Penulis yang saat ini
bertugas sebagai salah satu Ketua Tim Layanan Informasi dan Pengaduan (LIP) di
Bravo Bea Cukai, berkesempatan untuk menyusun database peraturan yang digunakan
oleh para agent dalam menjawab telepon pengguna jasa, yang dikenal dengan
sebutan Customs Knowledge Base. Selain
peraturan, database tersebut juga tersusun atas Frequently Asked Question (FAQ) yang dikumpulkan dari kantor-kantor
pelayanan DJBC dan Katalog Informasi yang berisi intisari dari peraturan yang
disederhanakan untuk memudahkan agent dalam menjawab terlepon secara tepat dan
cepat. Ketua Tim juga bertugas untuk melakukan asistensi kepada agent saat
menerima telepon dan e-mail serta memberikan masukan kepada Kepala Unit LIP
perihal tren permasalahan terkini tentang layanan kepabeanan dan cukai untuk
kemudian menjadi bahan laporan ke unit vertikal DJBC terkait.
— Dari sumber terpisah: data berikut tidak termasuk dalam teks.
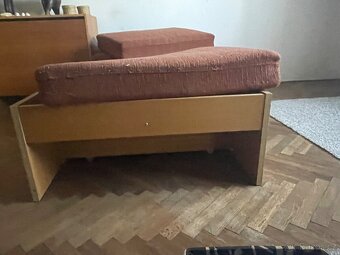 Retro postel: - 5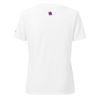 Women's Relaxed V-Neck T-Shirt | Bella Canvas 6405CVC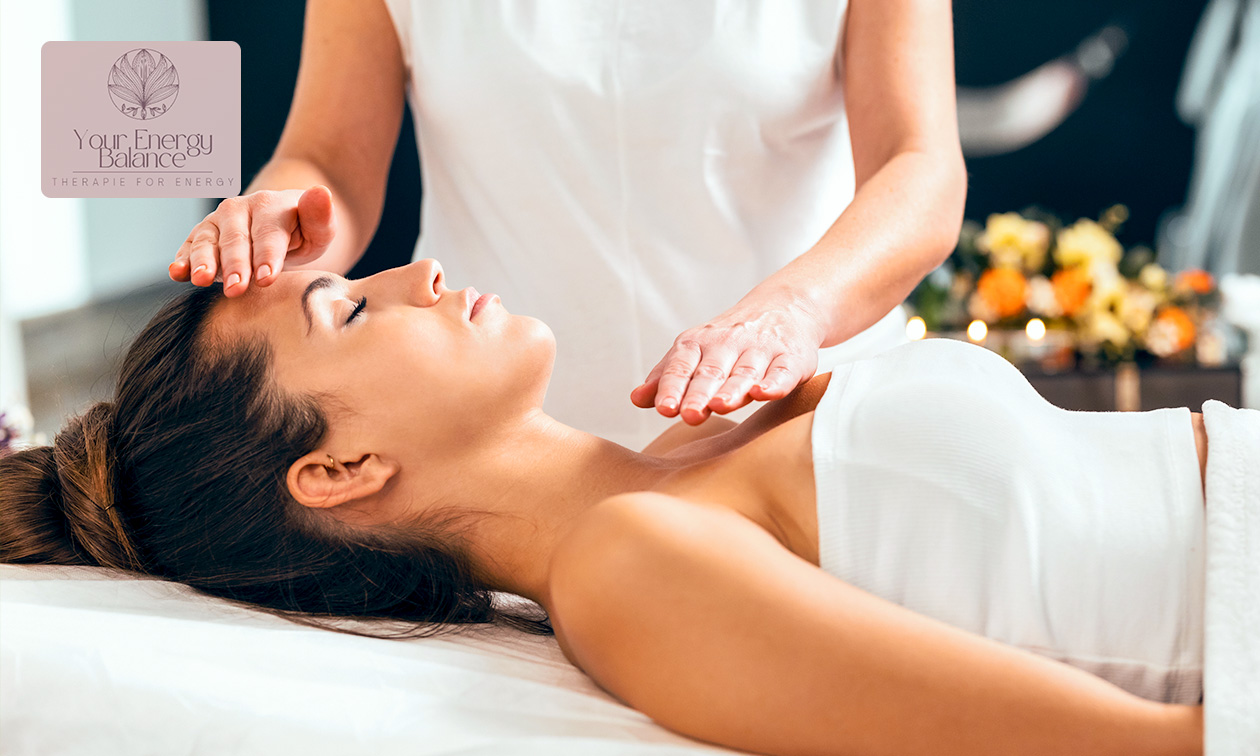 Energetische herstelbehandeling (75 min)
Informasi yang
dikumpulkan oleh Bravo Bea Cukai dari pengguna jasa dapat digunakan sebagai
bahan oleh DJBC untuk terus menyederhanakan prosedur kepabeanan dan cukai serta
penerapan sistem manajemen resiko yang handal.
Barang kiriman selama ini
dinilai sebagai sektor layanan pabean yang tidak signifikan dalam menyumbang
penerimaan negara, namun berdasarkan data permohonan informasi di Bravo Bea
Cukai selalu menduduki posisi 2 (dua) besar masalah yang sering ditanyakan dan
berpengaruh besar terhadap citra DJBC. Oleh karena itu, regulasi terkait topik
tersebut menarik perhatian para pimpinan DJBC untuk segera dirumuskan peraturan
pengganti PMK 188/PMK.04/2010 tentang Impor Barang yang Dibawa Penumpang, Awak
Sarana Pengangkut, Pelintas Batas, dan Barang Kiriman. Diharapkan dengan adanya
peraturan baru tersebut dispute yang
selama ini terjadi pada layanan tersebut dapat diminimalisasi, serta penerimaan
negara dalam bentuk bea masuk dan/atau cukai dari layanan tersebut dapat
dioptimalkan.
Yudi Pramadi, yang pernah menjabat sebagai Kepala Biro KLI
Sekretariat Jenderal Kemenkeu berpendapat mengenai fungsi layanan informasi di
tiap unit Eselon 1 Kemenkeu: “Di samping memitigasi complain pengguna jasa,
hal yang tak kalah penting untuk diperhatikan adalah edukasi publik. Lakukan sebanyak-banyaknya
dan lakukan terus menerus sehingga pengguna jasa layanan DJBC dapat mengetahui
tugas dan fungsi DJBC.” Kebutuhan DJBC untuk memiliki saluran single-point-of-contact yang tersedia
bagi pengguna jasa terpenuhi dengan kehadiran Bravo Bea Cukai. Saat ini selain
menerima keluhan dan pertanyaan dari pengguna jasa serta memberikan edukasi
kepada mereka, unit ini juga dapat memberikan kontribusi secara tidak langsung
terhadap sosialisasi serta implementasi tugas dan fungsi DJBC seperti yang
telah diuraikan di atas. Penulis berharap Bravo Bea Cukai di masa depan dapat
menjelma menjadi Sistem Peringatan Dini (Early
Warning System) untuk setiap kebijakan yang telah diciptakan oleh DJBC,
sehingga dampak yang dihasilkan dari kebijakan tersebut dapat terpantau melalui
data yang masuk ke sistem contact center
Bravo Bea Cukai dan menjadi bahan evaluasi untuk pengambilan kebijakan
selanjutnya. Kiranya anggota Bravo Bea Cukai dan para pegawai PLI di daerah terus
berjuang mengemban tanggung jawab sebagai ujung tombak layanan informasi sehingga
bagian PLI tidak lagi dipandang sebagai unit yang tidak populer dan hanya
ditempati oleh pegawai nomor dua, namun menjadi unit vital yang dapat menyokong
DJBC menjadi institusi kepabeanan dan cukai terkemuka di dunia. BRAVO BEA CUKAI!